WelshSen.jpg19日、次期空軍参謀総長候補のウェルシュ大将(現欧州空軍司令官:Gen. Mark Welsh)が、上院の軍事委員会で承認を得るための証言を行った模様です。また同時に、事前に示された質問に対し、文書で回答しています。
同大将への議会からの質問と回答が公開されていますので、ちょっとのぞいて見ました。

同大将の回答は、空軍スタッフが知恵を絞って作成したものと思われ慎重な安全運転表現が並んでおり、なんとなく眠気を誘います。
一方で、議会からの質問は現在の米軍の諸問題を浮き彫りにした点で極めて興味深いです。実に「人間臭い」というか、「やっぱりそういう問題があるんだ・・」と思わせる諸課題が取り上げられています。

計46ページの文書なので全部はご紹介できませんが、まんぐーすの好みでウェルシュ大将の主張を最初に触れ、次に軍の問題を浮き彫りの議会質問をつまみ食いです。
なお「性的暴力」や「麻薬・アルコール」や「士気」のやり取りもありますが、暗くなりそうなので省略しました。

ウェルシュ大将が回答の優先事項
厳しい財政環境下で、如何にして与えられた任務を遂行して現在の戦いに立ち向かい、同時に将来の戦いに向けた備えを行うかが最重要の課題である
具体的には以下の5項目が重要と考える
---核戦力部隊の継続強化
---今の戦いの勝利のために統合や多国籍作戦に協力
---空軍兵士とその家族のケアと強化
---航空宇宙サイバー装備・組織・訓練の近代化
---調達部門の優秀性再確保

Welsh2.jpg(若干の補足)→核運用部隊は長らく誰も顧みず、兵士の士気低下や装備の老朽化が顕著。爆撃機による核爆弾誤送事件等もあり、立て直しが緒に就いたばかり
調達の優秀性「再確保」は空中給油機に続いてプロペラ小型攻撃機の機種選定でも不備を指摘され、やり直しを命ぜられるなど対外的に信頼感を失っている現状有り。重要であっても、あまり夢のない項目が並んでいるのが現状です

興味深い議員からの質問

質問:無人機運用に当たる士官の昇任率が他分野に比して低い(例えば少佐以上への昇任率は平均9割だが、無人機部隊は7割台)が、この状況をどのように見ているか。
回答:無人機運用関係者のキャリアパス基準を定めて適正に管理を開始した。空軍長官とも協力し、教育訓練制度の充実に努める。

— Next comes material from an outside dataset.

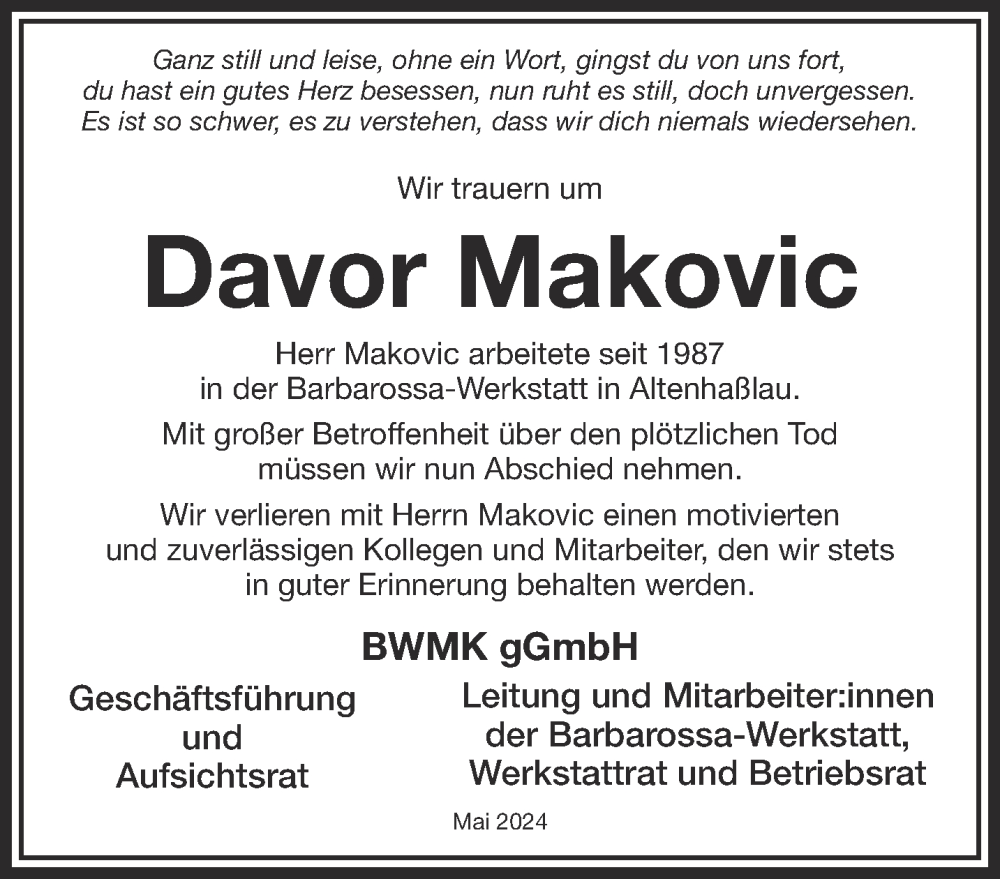  Traueranzeige für Davor Makovic vom 01.06.2024 aus Mittelhessen-Bote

(若干の補足)→急速に拡大する無人機運用分野には、恐らく他職域で「成績下位者」や「嫌われ者」だったモノが寄せ集められている可能性が高い。有人機操縦から無人機操縦に、どんな人間が回されたかは想像に難くない。

Welsh4.jpg質問:各軍種のサイバー戦要員をサイバーコマンドに集約し、より効率的で組織的な運用をすべきだとサイバーコマンド司令官が要求しているが、貴官はどう考える
回答:サイバーコマンド創設以来、空軍は多くの要員を差し出してきた。そのために空軍内のサイバー部隊の充足率は8割に満たない状況である。前線部隊とのバランスを考慮してサイバーコマンドの充実を考えるべき。当面は空軍内を優先したい

質問:地域作戦コマンド司令官からは、空軍が無人機によるISR要求に対応できないとか、ISR情報分析(収集、分析評価、配布)要員を十分養成できていないとの不満が上がっている。また要員不足の分析業務を業者委託で行う経費が膨大になっているとの不満も聞こえてくるが。どう考える。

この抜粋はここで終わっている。